● Task directions: The entries below contain a stretch that opens with the line containing "El Centro de" and closes with the line containing "Le Méridien Melbourne - Luxury"; set down that stretch exactly, both ends included, and nothing else.

Crawled caption data:
^^^^^^^^

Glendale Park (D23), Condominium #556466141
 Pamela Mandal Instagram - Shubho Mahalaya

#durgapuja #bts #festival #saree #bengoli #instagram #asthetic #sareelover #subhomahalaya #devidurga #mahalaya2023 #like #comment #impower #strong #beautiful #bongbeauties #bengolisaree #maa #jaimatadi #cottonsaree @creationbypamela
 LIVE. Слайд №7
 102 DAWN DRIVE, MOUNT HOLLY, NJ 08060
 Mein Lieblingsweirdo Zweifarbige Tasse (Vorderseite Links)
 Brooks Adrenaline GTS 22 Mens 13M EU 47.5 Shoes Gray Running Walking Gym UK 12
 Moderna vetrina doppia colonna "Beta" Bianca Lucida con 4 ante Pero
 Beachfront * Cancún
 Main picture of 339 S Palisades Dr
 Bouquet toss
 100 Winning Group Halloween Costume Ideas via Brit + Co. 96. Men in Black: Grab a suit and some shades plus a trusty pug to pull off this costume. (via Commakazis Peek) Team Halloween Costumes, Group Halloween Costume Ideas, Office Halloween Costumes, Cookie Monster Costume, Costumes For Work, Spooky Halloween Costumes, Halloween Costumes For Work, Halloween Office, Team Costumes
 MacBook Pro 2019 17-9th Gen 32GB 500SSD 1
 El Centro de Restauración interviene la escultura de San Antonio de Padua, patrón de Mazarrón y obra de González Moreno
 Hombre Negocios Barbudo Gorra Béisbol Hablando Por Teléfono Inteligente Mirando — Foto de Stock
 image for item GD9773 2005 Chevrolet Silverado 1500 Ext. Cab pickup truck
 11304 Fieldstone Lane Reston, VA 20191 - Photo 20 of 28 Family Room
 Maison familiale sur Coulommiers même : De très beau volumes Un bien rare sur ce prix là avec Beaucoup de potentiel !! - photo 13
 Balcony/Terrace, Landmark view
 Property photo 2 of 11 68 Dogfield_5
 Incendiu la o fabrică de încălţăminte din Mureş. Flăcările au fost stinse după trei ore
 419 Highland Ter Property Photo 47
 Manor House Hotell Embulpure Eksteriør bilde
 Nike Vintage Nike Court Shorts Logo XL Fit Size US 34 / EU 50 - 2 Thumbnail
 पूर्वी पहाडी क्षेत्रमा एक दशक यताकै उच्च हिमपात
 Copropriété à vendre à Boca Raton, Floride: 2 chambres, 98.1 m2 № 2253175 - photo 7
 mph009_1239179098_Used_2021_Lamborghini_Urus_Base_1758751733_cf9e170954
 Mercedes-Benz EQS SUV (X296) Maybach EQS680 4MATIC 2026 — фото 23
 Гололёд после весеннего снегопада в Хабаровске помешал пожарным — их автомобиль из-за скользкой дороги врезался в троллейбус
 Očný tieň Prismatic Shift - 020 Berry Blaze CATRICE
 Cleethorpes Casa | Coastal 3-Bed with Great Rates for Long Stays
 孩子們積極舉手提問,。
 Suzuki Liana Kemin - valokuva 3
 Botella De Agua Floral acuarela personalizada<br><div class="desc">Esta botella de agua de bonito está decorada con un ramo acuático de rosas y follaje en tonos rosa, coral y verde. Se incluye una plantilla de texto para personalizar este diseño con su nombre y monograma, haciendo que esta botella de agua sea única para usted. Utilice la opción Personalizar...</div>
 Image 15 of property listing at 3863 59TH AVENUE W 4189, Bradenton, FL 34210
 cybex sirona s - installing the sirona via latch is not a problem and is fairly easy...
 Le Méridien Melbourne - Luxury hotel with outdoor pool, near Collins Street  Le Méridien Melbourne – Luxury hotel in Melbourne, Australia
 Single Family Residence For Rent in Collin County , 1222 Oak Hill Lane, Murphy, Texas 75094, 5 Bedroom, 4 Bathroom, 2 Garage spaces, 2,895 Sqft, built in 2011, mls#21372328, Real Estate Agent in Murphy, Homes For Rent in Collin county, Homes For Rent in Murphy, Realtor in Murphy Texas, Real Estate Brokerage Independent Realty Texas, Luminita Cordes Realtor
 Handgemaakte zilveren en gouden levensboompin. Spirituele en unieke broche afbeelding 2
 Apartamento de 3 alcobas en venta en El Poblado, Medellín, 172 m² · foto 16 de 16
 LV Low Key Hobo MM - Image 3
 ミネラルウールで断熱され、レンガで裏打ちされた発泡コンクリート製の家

^^^^^^^^

● Exercise response:
 El Centro de Restauración interviene la escultura de San Antonio de Padua, patrón de Mazarrón y obra de González Moreno
 Hombre Negocios Barbudo Gorra Béisbol Hablando Por Teléfono Inteligente Mirando — Foto de Stock
 image for item GD9773 2005 Chevrolet Silverado 1500 Ext. Cab pickup truck
 11304 Fieldstone Lane Reston, VA 20191 - Photo 20 of 28 Family Room
 Maison familiale sur Coulommiers même : De très beau volumes Un bien rare sur ce prix là avec Beaucoup de potentiel !! - photo 13
 Balcony/Terrace, Landmark view
 Property photo 2 of 11 68 Dogfield_5
 Incendiu la o fabrică de încălţăminte din Mureş. Flăcările au fost stinse după trei ore
 419 Highland Ter Property Photo 47
 Manor House Hotell Embulpure Eksteriør bilde
 Nike Vintage Nike Court Shorts Logo XL Fit Size US 34 / EU 50 - 2 Thumbnail
 पूर्वी पहाडी क्षेत्रमा एक दशक यताकै उच्च हिमपात
 Copropriété à vendre à Boca Raton, Floride: 2 chambres, 98.1 m2 № 2253175 - photo 7
 mph009_1239179098_Used_2021_Lamborghini_Urus_Base_1758751733_cf9e170954
 Mercedes-Benz EQS SUV (X296) Maybach EQS680 4MATIC 2026 — фото 23
 Гололёд после весеннего снегопада в Хабаровске помешал пожарным — их автомобиль из-за скользкой дороги врезался в троллейбус
 Očný tieň Prismatic Shift - 020 Berry Blaze CATRICE
 Cleethorpes Casa | Coastal 3-Bed with Great Rates for Long Stays
 孩子們積極舉手提問,。
 Suzuki Liana Kemin - valokuva 3
 Botella De Agua Floral acuarela personalizada<br><div class="desc">Esta botella de agua de bonito está decorada con un ramo acuático de rosas y follaje en tonos rosa, coral y verde. Se incluye una plantilla de texto para personalizar este diseño con su nombre y monograma, haciendo que esta botella de agua sea única para usted. Utilice la opción Personalizar...</div>
 Image 15 of property listing at 3863 59TH AVENUE W 4189, Bradenton, FL 34210
 cybex sirona s - installing the sirona via latch is not a problem and is fairly easy...
 Le Méridien Melbourne - Luxury hotel with outdoor pool, near Collins Street  Le Méridien Melbourne – Luxury hotel in Melbourne, Australia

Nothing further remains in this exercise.